Anyone know a good place to take a dual co2 gauge for repair? A few months back, I was installing the gauge after a refill and forgot to reduce the working pressure. When I slowly opened the valve the was a "pop". Going through co2 pretty fast now. My 10lb tank was filled around 6-8 weeks ago and it's empty already. Two refills this year!

Thanks for any help!

Cam


----------



## TorontoPlantMan (Aug 16, 2013)

CamH said:


> Anyone know a good place to take a dual co2 gauge for repair? A few months back, I was installing the gauge after a refill and forgot to reduce the working pressure. When I slowly opened the valve the was a "pop". Going through co2 pretty fast now. My 10lb tank was filled around 6-8 weeks ago and it's empty already.
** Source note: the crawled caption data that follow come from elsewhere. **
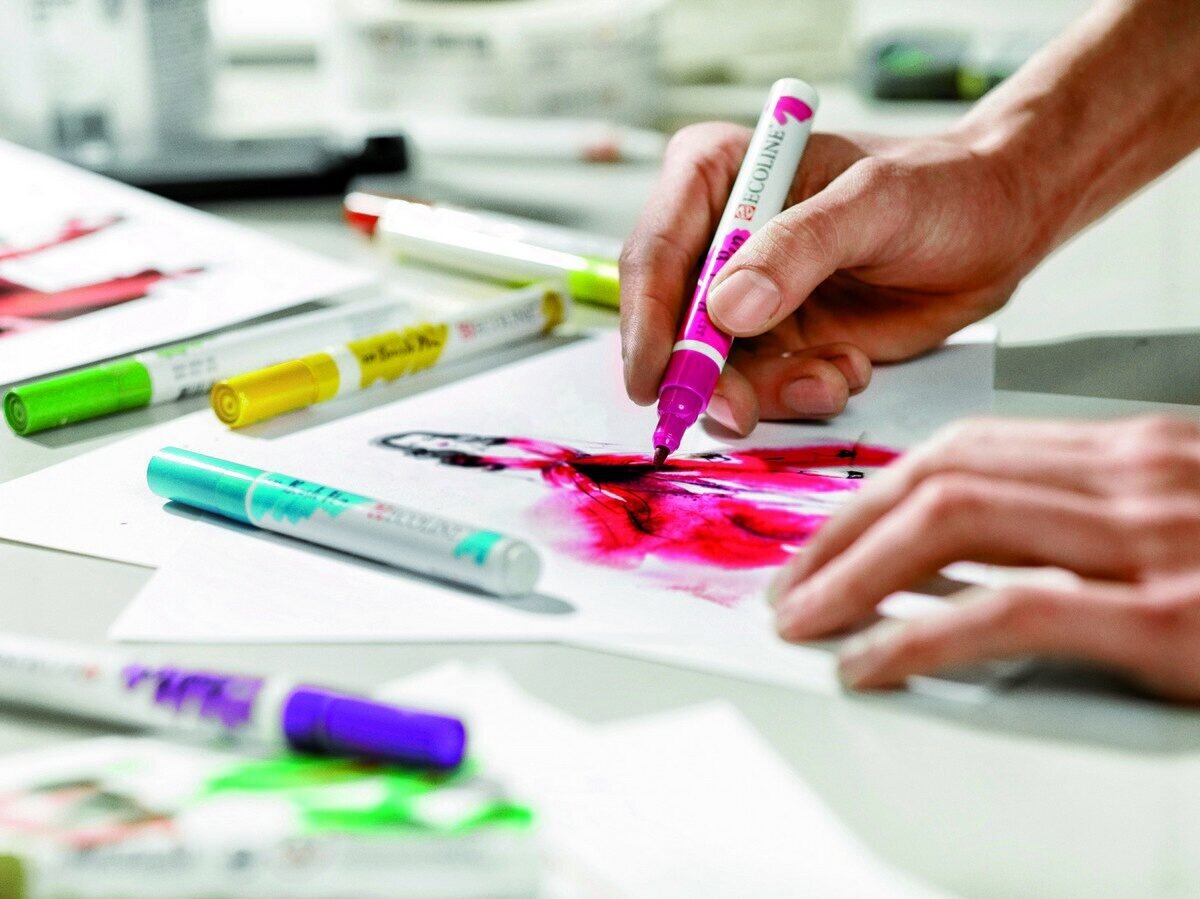 Скетчмаркеры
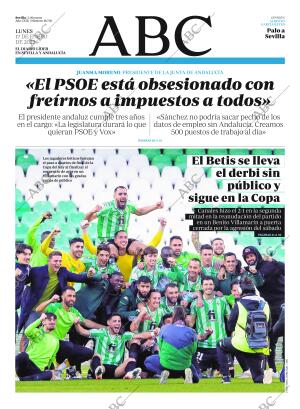 ABC SEVILLA 17-01-2022 página 1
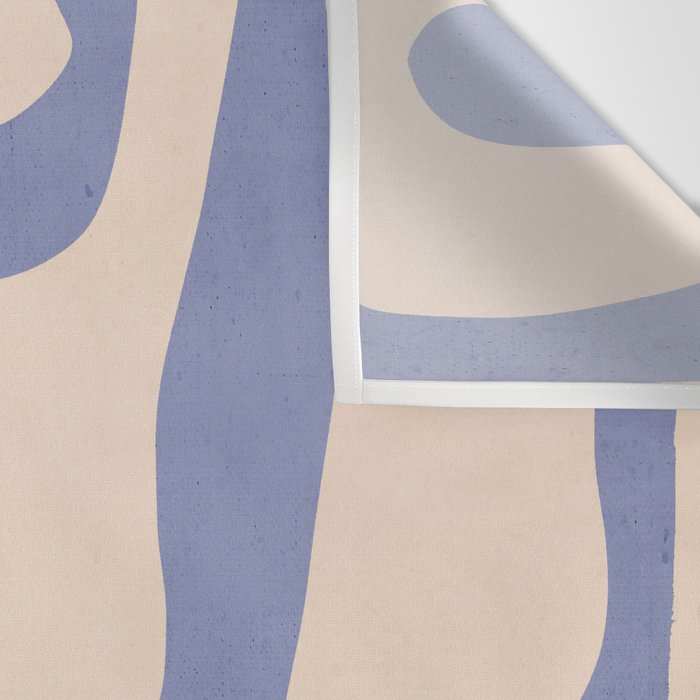 Modern Abstract Shapes 78 Wall Tapestry Gallery Image 3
Two refills this year!
> 
> Thanks for any help!
> 
> Cam


Generally it costs more to repair a regulator than it is actually worth (depending on what you have). If it's just a gauge that you blew then you can just buy a new gauge online or from many shops in the GTA & swap it out yourself, but if you blew the diaphragm inside then you are SOL.

I would first try to locate where exactly it's leaking from and then take it from there, but if it's the diaphragm i'd buy a new regulator.


----------



## CamH (Jan 5, 2014)

*Thank You*

It's taken me awhile to respond to my own thread but I was waiting for some more info. Thanks to all who replied. Got a few PM's regarding my issue. My gauge was purchased from Green Leaf Aquariums so I contacted them as a last resort. I originally thought that maybe they could sell me just new gauges as the solenoid & bubble counter should be good. The suggested it might be inexpensive to repair if I shipped it to them. So after paying $25 to ship it to Florida, they have repaired it for $14. Seems I blew the low pressure side only. Haven't received the invoice yet so not sure on return shipping costs but assuming it's the same, my overall cost to repair is $65. Much better then buying a new one. I've contacted GLA before and they've always been very helpfull. Highly recommend them. Customer service is amazing. Helps if you have a friend or relative with a shipping address just across the border to avoid the gouging duty tax!


----------